By Ida Lim
The Malaysian Insider
KUALA LUMPUR | Dec 13, 2012
Australian miner Lynas may lose its temporary operating licence (TOL) if it fails to remove all residue and by-products from its Kuantan rare earth refinery out of the country, according to the Atomic Energy Licensing Board (AELB).
A spokesman from the regulator told The Malaysian Insider this week that failure to comply with the condition to completely remove the residue, which is a legally binding condition, may cause AELB to suspend the licence.
Yesterday, the Cabinet endorsed a ministerial statement issued earlier this week instructing Lynas to ensure all residue and by-products from its rare earth refinery are removed from the country.
Putrajaya’s latest statement came after Lynas executive chairman Nicholas Curtis insisted the company’s operating licence does not require it to ship out of Malaysia any residue produced from its refinery in coastal Gebeng near Kuantan in Pahang.
Curtis also said that Lynas would push on with plans to develop a permanent disposal facility (PDF) here despite an ongoing storm over its potential waste hazards.
Lynas is now in a difficult position as Curtis had also said that Malaysia is treating the miner as a “political football” ahead of the country’s elections that must be called by next April when the Barisan Nasional (BN) government’s mandate expires.
Speaking to The Malaysian Insiderthis week, the AELB spokesman said it was only interested in the shipping out of all the residues that Lynas Corp will produce at its controversial rare earth plant in Kuantan, and not concerned about the countries where Lynas will export its residue.Critics have claimed the residue is radioactive waste, and want the plant shut down. When asked if Lynas had given AELB the details of its export plans such as the countries where it will export its residue, the regulator’s spokesman who declined to be named said “no”.
“No, they have not come to that stage yet because they have not produced the waste…they have not come to the stage of producing it,” he told The Malaysian Insider over the phone.
He clarified that Lynas has not started its operations at the Kuantan plant, but was only doing a trial run. Despite widespread opposition to the Lynas Advanced Materials Plant (LAMP) owing to environmental and health concerns, the government went on to issue a temporary operating licence (TOL) to Lynas on September 8, allowing it to do its initial feeding of the kiln earlier this month.
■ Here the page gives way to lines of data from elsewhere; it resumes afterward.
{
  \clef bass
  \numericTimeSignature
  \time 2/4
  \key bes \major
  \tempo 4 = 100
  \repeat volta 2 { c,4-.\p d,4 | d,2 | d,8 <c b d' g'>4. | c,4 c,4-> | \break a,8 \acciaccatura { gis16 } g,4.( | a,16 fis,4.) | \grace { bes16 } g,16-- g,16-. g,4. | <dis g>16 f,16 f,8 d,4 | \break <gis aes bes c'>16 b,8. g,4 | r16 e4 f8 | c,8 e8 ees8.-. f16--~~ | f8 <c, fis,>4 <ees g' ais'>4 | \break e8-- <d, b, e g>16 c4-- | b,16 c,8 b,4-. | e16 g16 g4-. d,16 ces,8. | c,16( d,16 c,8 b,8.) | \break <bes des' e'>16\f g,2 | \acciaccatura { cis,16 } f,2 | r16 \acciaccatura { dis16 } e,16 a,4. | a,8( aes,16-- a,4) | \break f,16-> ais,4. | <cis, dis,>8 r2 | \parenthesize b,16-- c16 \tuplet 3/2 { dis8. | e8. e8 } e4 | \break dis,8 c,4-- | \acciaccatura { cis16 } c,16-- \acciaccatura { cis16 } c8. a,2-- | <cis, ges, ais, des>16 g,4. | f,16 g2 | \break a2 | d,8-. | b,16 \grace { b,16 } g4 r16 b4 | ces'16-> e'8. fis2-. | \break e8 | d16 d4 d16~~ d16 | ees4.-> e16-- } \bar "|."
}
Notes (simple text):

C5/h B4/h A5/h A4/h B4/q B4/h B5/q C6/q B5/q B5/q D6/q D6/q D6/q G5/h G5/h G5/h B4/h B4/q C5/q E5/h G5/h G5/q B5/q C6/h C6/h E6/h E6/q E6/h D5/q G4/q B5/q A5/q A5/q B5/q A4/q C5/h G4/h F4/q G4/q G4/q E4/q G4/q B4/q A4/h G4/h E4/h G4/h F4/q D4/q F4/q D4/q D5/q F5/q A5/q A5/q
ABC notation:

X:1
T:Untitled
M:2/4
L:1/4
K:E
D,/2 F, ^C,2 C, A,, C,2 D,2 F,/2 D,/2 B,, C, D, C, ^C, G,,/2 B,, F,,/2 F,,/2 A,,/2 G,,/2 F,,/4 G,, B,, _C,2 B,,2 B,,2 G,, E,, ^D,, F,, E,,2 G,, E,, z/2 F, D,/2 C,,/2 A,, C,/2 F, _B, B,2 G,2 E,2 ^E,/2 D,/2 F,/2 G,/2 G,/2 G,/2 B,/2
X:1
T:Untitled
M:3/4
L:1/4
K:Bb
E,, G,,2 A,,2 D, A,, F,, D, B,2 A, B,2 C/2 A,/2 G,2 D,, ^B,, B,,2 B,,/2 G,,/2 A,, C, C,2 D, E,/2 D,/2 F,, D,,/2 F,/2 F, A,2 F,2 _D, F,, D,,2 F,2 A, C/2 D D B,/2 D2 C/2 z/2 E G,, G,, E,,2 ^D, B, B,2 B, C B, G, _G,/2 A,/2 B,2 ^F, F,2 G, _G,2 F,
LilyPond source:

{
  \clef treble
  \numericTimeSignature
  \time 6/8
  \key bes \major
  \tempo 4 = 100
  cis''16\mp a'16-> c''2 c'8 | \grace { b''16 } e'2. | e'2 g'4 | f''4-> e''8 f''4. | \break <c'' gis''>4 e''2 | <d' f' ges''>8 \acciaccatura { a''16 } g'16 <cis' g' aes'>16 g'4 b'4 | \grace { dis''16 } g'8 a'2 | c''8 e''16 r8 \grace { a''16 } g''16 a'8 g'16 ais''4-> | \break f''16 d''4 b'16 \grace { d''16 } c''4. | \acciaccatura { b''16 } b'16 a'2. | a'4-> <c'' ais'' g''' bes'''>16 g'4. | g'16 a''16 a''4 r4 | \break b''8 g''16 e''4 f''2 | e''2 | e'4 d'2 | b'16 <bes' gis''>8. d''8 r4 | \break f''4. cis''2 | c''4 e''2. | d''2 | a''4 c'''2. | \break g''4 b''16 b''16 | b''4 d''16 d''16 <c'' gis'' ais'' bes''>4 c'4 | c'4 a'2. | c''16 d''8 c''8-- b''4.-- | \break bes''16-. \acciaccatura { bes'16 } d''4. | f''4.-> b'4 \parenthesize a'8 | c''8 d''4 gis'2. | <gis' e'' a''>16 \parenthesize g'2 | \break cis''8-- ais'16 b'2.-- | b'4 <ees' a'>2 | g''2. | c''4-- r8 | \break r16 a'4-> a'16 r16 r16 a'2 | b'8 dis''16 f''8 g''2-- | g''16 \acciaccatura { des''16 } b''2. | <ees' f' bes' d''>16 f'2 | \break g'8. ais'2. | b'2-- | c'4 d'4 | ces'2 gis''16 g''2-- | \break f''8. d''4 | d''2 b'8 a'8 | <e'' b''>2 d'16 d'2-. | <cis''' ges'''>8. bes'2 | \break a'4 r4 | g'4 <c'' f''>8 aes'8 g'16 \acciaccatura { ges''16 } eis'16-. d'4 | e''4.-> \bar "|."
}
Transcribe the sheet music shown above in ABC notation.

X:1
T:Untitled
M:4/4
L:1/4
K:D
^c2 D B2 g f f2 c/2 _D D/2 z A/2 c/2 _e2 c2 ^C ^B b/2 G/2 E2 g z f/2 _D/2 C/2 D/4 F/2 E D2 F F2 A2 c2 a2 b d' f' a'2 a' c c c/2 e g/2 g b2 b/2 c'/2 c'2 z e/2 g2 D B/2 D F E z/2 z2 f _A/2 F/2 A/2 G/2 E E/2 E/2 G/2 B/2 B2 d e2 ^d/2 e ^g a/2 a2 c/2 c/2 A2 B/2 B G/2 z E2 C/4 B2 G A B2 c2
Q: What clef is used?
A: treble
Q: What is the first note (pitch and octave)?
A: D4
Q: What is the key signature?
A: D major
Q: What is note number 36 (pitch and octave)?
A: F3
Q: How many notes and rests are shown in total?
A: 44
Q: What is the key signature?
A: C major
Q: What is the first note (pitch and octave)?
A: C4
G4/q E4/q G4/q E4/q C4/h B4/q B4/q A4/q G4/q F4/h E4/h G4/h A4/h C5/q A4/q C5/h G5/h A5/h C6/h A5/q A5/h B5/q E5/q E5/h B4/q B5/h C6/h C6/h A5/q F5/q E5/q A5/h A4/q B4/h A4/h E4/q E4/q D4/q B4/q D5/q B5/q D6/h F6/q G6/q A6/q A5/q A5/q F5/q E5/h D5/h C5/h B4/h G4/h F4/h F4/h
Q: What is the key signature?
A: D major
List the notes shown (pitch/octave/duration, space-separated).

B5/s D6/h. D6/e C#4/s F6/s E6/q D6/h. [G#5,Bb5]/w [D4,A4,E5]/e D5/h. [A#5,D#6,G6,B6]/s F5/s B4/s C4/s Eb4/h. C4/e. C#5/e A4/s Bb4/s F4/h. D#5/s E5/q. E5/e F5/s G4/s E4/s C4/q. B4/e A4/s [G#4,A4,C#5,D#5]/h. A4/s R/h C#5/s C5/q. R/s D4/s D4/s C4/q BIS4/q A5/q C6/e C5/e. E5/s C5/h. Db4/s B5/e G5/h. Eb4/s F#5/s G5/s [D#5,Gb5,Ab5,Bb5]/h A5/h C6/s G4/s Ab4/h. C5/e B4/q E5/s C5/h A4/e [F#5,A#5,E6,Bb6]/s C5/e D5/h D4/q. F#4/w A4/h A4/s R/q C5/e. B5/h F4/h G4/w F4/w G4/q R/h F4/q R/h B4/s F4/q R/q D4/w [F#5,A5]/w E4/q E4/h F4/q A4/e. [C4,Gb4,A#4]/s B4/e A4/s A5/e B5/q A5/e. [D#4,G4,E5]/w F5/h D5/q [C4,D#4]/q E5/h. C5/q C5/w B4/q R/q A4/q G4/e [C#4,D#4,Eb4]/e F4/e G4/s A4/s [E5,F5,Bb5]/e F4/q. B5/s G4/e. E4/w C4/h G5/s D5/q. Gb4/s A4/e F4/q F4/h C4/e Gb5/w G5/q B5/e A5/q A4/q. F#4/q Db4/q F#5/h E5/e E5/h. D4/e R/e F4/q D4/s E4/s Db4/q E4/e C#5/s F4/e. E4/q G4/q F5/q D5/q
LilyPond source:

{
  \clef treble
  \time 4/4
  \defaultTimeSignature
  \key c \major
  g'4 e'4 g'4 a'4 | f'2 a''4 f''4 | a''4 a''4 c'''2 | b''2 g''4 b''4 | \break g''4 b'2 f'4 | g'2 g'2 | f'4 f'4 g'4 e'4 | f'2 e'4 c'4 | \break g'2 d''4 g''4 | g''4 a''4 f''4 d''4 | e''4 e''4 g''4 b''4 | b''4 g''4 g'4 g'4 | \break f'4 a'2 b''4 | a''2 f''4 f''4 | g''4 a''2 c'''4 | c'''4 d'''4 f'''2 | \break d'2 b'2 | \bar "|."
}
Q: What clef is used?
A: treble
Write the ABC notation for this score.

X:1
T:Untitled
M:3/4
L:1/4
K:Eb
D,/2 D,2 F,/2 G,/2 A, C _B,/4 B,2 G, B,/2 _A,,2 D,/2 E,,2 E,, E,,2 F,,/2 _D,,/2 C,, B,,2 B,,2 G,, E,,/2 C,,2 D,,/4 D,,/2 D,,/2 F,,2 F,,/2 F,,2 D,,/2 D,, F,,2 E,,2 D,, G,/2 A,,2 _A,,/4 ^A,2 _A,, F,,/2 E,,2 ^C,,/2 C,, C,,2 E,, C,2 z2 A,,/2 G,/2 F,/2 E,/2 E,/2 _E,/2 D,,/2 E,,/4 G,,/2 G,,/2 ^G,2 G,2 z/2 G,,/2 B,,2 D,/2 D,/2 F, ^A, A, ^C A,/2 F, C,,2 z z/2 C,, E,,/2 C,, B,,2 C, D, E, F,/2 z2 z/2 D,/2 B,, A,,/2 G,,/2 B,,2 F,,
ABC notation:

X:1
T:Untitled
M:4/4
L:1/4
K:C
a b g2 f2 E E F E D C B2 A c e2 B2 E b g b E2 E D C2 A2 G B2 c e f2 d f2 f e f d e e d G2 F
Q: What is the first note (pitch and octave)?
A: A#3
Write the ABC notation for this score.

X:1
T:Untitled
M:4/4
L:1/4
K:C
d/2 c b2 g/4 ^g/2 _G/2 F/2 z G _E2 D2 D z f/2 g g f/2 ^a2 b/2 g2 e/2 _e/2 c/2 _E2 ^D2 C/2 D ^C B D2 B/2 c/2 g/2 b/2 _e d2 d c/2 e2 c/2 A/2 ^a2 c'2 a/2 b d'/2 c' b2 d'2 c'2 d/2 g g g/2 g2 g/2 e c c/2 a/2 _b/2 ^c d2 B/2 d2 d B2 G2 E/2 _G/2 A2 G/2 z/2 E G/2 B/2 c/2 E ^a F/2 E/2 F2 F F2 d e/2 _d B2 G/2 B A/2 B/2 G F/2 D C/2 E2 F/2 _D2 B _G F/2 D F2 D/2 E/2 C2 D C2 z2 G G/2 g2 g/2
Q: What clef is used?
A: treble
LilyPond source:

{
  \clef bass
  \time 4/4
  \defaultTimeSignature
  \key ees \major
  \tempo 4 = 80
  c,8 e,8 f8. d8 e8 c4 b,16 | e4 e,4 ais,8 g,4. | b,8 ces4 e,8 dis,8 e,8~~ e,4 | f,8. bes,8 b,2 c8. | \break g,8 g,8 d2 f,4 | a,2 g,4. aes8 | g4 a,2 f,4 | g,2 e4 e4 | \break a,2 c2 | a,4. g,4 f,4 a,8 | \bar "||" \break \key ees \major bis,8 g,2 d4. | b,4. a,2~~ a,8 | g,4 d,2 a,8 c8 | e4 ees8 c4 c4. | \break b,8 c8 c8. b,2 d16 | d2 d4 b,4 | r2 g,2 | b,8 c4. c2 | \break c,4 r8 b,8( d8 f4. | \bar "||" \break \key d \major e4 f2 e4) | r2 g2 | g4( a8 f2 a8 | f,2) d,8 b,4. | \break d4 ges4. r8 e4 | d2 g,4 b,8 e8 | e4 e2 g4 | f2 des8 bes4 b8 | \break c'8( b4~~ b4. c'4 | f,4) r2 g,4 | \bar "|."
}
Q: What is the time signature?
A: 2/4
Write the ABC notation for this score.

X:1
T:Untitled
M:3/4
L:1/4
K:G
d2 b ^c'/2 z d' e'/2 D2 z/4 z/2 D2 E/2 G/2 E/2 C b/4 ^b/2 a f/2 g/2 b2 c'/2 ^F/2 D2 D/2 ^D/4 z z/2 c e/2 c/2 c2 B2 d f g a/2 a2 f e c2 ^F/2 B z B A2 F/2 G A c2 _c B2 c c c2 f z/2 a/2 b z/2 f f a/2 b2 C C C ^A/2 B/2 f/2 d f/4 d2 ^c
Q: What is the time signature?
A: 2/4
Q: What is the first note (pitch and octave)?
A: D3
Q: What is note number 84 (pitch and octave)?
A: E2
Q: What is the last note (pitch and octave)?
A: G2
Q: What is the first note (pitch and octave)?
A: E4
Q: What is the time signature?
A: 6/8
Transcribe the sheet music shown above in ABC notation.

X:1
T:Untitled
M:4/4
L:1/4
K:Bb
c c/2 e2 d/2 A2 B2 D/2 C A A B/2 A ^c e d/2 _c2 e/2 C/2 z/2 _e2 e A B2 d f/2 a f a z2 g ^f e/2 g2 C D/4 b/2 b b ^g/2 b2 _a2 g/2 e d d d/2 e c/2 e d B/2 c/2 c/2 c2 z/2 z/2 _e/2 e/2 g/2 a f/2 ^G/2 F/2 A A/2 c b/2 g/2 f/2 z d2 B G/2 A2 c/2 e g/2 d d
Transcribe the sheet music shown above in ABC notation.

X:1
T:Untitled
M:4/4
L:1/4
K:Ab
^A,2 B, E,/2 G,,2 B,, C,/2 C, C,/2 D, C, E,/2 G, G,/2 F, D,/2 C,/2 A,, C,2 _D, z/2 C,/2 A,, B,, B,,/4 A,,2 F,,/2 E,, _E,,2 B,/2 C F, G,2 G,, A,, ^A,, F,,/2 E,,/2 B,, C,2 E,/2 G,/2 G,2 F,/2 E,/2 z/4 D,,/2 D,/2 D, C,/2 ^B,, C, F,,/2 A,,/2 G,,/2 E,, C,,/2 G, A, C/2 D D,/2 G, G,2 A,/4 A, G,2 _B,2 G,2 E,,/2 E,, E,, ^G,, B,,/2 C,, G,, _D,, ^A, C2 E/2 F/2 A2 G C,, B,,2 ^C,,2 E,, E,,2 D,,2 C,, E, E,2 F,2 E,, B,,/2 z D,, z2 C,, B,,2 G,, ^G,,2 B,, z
Lynas has told AELB that it would export all the residues produced. “What we don’t want them to do is only export part of the residue.
“They are going to export the whole residue out of the country…that is what we want,” the AELB spokesman said.
“The conditions of the licence is very clear,” he said, saying that the residues that need to be taken out of Malaysia would include those converted into commercial products.
The rare earth refinery in Gebeng remains a thorny issue for the ruling Barisan Nasional (BN) government, especially in the run-up to the general election due within months.
Despite repeated efforts to reassure the public of the plant’s safety, residents and environmental activists continue to conduct high-profile legal and popular campaigns against the controversial plant that has faced stiff and persistent opposition.
The resistance towards the plant has also provided the opposition Pakatan Rakyat (PR) ample fodder with which to target Kuantan, which it already wrested from BN in the previous general election, as well as other areas in Prime Minister Datuk Seri Najib Razak’s home state of Pahang.
Lynas fired up its kiln earlier this month, with the AELB saying this week it will place its officers at the plant to monitor the trial run.
Lynas has been ready to begin operations since early May but faced delays due to environmental and safety disputes, which are pending in court.
The Sydney-based company has repeatedly said its plant is safe and is not comparable to a rare earth plant in Bukit Merah, Perak by a unit of Mitsubishi Chemicals in 1992, which has been blamed for causing birth defects and a high rate of leukaemia cases among workers and residents nearby.